(Recorded data)
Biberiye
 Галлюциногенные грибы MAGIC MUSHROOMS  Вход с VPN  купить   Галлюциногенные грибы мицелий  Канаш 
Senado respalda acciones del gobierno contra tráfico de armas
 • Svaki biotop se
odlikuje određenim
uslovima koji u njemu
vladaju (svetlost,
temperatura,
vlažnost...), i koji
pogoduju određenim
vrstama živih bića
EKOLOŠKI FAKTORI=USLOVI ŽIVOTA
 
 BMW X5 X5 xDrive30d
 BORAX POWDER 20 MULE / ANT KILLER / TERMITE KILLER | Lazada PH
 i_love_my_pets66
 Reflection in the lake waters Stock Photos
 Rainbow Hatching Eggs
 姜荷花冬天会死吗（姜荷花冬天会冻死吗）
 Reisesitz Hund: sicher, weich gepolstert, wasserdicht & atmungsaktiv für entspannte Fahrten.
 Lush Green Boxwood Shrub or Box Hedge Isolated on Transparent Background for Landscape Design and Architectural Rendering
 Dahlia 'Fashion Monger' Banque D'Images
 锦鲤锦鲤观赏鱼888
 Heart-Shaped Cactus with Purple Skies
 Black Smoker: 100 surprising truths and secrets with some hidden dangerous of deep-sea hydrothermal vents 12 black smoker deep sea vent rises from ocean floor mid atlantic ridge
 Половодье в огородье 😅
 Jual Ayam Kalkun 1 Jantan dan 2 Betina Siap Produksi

◆ EXERCISE ◆
All entries above must be reproduced without a single change.

◆ RESPONSE TO THE EXERCISE ◆
Biberiye
 Галлюциногенные грибы MAGIC MUSHROOMS  Вход с VPN  купить   Галлюциногенные грибы мицелий  Канаш 
Senado respalda acciones del gobierno contra tráfico de armas
 • Svaki biotop se
odlikuje određenim
uslovima koji u njemu
vladaju (svetlost,
temperatura,
vlažnost...), i koji
pogoduju određenim
vrstama živih bića
EKOLOŠKI FAKTORI=USLOVI ŽIVOTA
 
 BMW X5 X5 xDrive30d
 BORAX POWDER 20 MULE / ANT KILLER / TERMITE KILLER | Lazada PH
 i_love_my_pets66
 Reflection in the lake waters Stock Photos
 Rainbow Hatching Eggs
 姜荷花冬天会死吗（姜荷花冬天会冻死吗）
 Reisesitz Hund: sicher, weich gepolstert, wasserdicht & atmungsaktiv für entspannte Fahrten.
 Lush Green Boxwood Shrub or Box Hedge Isolated on Transparent Background for Landscape Design and Architectural Rendering
 Dahlia 'Fashion Monger' Banque D'Images
 锦鲤锦鲤观赏鱼888
 Heart-Shaped Cactus with Purple Skies
 Black Smoker: 100 surprising truths and secrets with some hidden dangerous of deep-sea hydrothermal vents 12 black smoker deep sea vent rises from ocean floor mid atlantic ridge
 Половодье в огородье 😅
 Jual Ayam Kalkun 1 Jantan dan 2 Betina Siap Produksi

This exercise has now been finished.